In that case, the goods will have to be exported to the European market with an average tariff of 7.8 percent. Bangladesh will have to get GSP Plus facility in the European market before the readymade garment industry collapses. As an alternative, it is important to establish another sector as eligible for export. This potential sector is the leather industry sector.

The current COVID-19 epidemic has also had a negative impact on the leather industry. Due to the ongoing global lockdown, the sale and purchase of leather and leather products has declined. Because leather goods do not fall under any of the necessities. Entrepreneurs have faced great challenges due to the negative impact on this industry. About 5,000 workers have lost their jobs due to the closure of leather processing due to the epidemic. In the current situation, a large number of workers are becoming unemployed.

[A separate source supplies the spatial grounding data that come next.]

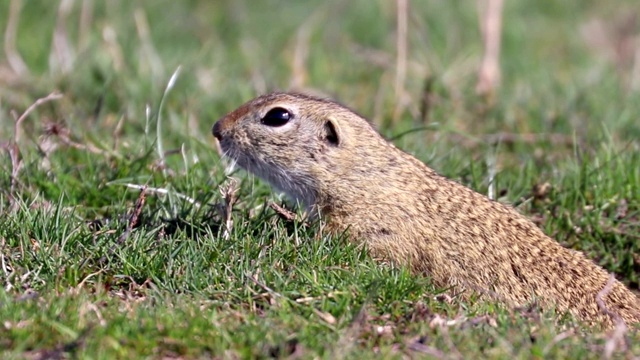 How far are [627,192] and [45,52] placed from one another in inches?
210

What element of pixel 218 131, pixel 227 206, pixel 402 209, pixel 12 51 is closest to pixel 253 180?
A: pixel 218 131

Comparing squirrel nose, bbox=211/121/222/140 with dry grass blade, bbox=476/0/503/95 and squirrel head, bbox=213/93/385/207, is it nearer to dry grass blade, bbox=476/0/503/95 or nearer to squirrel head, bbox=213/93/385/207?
squirrel head, bbox=213/93/385/207

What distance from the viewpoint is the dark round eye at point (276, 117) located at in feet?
17.7

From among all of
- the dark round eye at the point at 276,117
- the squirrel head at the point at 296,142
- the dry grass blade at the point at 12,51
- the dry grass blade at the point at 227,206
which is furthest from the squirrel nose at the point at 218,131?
the dry grass blade at the point at 12,51

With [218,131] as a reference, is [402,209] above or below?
below

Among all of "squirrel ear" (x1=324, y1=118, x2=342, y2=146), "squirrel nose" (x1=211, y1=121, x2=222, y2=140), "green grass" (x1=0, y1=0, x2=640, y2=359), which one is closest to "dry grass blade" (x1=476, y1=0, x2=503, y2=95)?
"green grass" (x1=0, y1=0, x2=640, y2=359)

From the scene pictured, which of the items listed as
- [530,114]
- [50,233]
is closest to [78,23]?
[530,114]

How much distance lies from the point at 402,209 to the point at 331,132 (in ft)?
1.95

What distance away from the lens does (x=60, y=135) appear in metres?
6.32

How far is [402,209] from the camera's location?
514cm

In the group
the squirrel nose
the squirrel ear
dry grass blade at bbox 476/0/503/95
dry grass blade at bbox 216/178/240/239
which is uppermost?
dry grass blade at bbox 476/0/503/95

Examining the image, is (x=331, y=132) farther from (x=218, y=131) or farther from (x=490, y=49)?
(x=490, y=49)

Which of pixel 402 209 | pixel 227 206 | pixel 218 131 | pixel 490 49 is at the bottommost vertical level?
pixel 227 206

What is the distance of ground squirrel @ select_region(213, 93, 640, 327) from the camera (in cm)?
506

As the CETP and waste management of Savar Leather Industry City has not been completed in an environmentally friendly manner yet, the responsibility of management is not being fully handed over to the committee formed to manage the private owners. On the other hand, it is necessary to consider whether it is appropriate to extend the project, which has been going on for the last twenty years, after June 2021.

Compliance is the main challenge for tannery and leather goods manufacturers. ESQ (Environment, Social and Quality), ISO and other national and international compliance guarantees will attract international buyers as soon as possible and will help in obtaining LWG certification.

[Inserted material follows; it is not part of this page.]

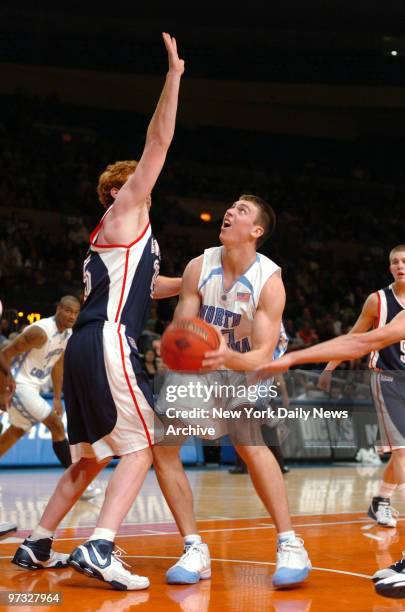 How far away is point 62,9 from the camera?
25.4 metres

In the light of the above, some of the following steps can be taken to overcome the current state of the leather industry:

1. Incompetent and failed Chinese contractors can be extended to the Chinese government and blacklisted without further extension.
2. A thorough survey through a professionally experienced and expert company is required before handing over waste management including CETP to the private management committee. This work can be done through European specialized companies. German GIZ or EU assistance may be sought if necessary. In the absence of such assistance, the work can be done with government incentives. Following the proposed survey, successful commissioning and waste management of the CETP can be completed by doing what is required. This may take several years. In the meantime, entrepreneurs can get special loans from banks on easy terms.
3. If the price of the plot of land is paid, BSIC can execute the lease deed without taking interest, so that the owners can mortgage the land in the bank while taking loan.
4. By occupying the land in Hazaribagh, the government can carry out planned urbanization or allow RAJUK to sell land or build buildings by lifting the ban.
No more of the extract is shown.